Collection entries:
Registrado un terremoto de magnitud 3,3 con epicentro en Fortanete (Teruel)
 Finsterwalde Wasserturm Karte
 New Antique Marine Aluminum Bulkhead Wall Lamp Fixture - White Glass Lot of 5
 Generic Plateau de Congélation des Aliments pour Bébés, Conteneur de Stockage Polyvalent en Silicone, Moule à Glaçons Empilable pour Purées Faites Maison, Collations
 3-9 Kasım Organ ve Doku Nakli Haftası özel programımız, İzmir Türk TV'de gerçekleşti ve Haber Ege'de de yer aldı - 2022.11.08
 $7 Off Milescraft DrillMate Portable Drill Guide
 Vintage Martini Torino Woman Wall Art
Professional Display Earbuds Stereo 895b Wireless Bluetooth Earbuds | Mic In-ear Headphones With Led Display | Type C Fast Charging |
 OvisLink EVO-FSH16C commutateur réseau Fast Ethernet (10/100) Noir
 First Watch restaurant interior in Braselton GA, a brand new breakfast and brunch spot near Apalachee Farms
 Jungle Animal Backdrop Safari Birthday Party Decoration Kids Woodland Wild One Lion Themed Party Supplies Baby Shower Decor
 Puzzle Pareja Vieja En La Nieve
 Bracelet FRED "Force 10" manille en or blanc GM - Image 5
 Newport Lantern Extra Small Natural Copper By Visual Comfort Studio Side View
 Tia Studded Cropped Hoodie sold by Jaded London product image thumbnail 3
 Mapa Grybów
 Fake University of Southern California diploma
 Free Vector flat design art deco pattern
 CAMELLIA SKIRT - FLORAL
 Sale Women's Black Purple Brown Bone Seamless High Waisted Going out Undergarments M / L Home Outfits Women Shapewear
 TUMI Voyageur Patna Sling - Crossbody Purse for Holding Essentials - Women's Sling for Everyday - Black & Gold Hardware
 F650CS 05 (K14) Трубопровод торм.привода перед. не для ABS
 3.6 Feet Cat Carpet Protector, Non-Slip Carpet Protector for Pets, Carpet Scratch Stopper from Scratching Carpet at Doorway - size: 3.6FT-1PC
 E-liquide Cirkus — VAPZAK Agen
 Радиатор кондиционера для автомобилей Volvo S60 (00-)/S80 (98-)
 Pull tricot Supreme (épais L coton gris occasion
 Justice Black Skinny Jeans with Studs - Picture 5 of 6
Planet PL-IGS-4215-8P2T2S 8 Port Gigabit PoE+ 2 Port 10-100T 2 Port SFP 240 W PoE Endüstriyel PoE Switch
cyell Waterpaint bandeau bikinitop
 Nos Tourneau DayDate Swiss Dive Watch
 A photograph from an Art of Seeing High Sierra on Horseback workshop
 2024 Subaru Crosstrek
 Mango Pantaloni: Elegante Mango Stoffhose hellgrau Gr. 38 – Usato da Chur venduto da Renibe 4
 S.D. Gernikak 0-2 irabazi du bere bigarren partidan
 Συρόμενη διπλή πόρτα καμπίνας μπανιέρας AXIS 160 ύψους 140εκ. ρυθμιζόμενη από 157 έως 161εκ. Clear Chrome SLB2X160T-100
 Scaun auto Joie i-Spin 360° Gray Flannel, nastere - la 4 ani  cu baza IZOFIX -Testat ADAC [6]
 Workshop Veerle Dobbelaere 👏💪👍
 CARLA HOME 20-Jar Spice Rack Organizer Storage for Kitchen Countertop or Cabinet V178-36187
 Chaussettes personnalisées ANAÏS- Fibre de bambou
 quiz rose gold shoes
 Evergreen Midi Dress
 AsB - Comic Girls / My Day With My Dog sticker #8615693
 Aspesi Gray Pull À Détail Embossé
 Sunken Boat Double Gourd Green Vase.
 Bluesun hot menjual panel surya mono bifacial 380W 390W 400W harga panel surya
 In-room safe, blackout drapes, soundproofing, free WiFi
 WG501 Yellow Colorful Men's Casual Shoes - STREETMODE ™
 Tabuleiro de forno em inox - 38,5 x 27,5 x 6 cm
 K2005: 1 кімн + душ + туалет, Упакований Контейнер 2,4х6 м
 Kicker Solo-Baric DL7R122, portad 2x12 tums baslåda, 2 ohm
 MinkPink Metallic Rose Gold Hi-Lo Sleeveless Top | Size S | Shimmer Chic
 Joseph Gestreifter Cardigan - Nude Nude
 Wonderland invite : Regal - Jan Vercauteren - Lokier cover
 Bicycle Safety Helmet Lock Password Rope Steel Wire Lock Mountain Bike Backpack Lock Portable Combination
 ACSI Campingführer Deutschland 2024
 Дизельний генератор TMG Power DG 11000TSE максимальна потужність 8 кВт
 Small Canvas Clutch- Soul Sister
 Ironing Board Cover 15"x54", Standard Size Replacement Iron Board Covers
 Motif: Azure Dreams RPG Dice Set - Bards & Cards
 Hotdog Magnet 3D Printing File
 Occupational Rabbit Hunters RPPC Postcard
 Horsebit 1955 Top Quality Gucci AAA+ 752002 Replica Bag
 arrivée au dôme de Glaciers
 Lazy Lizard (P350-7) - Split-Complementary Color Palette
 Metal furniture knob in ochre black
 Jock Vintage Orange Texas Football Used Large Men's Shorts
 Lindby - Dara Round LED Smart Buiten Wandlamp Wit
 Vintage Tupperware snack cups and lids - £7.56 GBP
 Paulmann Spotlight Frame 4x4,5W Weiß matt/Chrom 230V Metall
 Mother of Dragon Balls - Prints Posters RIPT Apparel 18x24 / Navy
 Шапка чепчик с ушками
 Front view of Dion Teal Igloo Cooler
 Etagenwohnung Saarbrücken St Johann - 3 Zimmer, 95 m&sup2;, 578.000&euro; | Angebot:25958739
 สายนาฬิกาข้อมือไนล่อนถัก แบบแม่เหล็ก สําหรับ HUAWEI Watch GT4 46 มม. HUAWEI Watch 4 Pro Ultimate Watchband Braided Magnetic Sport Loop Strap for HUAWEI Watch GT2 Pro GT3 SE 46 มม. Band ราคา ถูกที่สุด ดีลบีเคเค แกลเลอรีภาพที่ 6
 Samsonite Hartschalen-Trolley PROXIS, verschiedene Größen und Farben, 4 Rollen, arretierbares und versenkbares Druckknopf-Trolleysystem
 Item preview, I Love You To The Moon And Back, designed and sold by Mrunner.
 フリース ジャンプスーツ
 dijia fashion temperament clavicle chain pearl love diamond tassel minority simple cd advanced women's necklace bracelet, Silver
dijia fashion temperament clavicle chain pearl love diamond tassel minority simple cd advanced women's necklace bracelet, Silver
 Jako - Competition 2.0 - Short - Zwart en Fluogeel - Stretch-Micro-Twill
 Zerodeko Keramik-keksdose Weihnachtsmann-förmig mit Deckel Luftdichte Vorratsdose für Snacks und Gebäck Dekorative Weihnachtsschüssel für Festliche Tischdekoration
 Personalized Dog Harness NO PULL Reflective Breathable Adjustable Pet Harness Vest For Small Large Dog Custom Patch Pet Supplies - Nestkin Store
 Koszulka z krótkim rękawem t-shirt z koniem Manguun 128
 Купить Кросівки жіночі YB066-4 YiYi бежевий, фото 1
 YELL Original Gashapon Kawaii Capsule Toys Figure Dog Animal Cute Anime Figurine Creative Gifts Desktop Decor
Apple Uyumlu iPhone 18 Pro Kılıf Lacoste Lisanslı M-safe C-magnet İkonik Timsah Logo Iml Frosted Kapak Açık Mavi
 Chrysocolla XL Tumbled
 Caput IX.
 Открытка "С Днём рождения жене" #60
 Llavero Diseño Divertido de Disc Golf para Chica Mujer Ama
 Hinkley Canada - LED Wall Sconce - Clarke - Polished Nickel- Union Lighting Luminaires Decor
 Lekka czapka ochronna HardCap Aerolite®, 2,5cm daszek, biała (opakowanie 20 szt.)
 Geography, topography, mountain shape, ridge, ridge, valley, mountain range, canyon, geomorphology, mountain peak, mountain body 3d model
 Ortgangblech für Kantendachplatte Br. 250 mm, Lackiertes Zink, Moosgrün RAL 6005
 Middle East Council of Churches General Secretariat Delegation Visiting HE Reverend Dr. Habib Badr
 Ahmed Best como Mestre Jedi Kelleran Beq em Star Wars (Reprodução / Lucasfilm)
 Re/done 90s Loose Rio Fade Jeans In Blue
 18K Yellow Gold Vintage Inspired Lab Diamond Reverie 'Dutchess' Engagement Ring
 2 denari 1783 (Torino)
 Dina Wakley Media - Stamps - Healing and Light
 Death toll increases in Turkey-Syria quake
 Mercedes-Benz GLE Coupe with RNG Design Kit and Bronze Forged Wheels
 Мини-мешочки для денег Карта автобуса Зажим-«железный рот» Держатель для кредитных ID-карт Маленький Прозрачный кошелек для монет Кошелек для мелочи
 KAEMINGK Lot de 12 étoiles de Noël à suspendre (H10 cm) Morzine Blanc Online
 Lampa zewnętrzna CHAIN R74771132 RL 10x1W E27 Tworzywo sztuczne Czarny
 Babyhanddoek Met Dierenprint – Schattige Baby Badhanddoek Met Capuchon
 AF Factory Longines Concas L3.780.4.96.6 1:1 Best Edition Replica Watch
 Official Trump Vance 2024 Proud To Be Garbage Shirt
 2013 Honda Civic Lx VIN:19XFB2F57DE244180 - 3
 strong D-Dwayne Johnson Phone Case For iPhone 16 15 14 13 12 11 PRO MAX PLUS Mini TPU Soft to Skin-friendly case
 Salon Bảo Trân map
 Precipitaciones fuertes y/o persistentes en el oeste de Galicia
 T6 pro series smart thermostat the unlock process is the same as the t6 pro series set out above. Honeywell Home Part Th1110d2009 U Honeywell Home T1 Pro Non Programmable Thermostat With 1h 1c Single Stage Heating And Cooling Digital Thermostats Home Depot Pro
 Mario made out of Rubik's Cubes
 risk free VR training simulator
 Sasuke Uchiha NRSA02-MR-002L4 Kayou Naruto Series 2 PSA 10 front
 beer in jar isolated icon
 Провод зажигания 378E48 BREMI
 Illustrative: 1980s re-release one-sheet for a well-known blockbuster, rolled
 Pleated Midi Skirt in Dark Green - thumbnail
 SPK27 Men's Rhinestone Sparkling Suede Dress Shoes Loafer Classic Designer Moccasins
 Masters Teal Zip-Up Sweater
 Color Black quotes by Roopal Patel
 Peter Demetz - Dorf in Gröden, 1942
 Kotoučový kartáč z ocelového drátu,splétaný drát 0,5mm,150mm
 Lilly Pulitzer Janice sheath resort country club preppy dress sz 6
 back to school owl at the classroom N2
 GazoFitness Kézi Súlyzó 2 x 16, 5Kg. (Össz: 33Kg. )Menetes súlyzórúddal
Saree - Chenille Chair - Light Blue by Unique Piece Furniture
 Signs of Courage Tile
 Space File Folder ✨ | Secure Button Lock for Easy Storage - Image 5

Task brief:
Begin at the line above that has "First Watch restaurant" and stop after the line that has "Free Vector flat design art deco pattern", copying each line exactly and adding nothing else.

Problem solution:
 First Watch restaurant interior in Braselton GA, a brand new breakfast and brunch spot near Apalachee Farms
 Jungle Animal Backdrop Safari Birthday Party Decoration Kids Woodland Wild One Lion Themed Party Supplies Baby Shower Decor
 Puzzle Pareja Vieja En La Nieve
 Bracelet FRED "Force 10" manille en or blanc GM - Image 5
 Newport Lantern Extra Small Natural Copper By Visual Comfort Studio Side View
 Tia Studded Cropped Hoodie sold by Jaded London product image thumbnail 3
 Mapa Grybów
 Fake University of Southern California diploma
 Free Vector flat design art deco pattern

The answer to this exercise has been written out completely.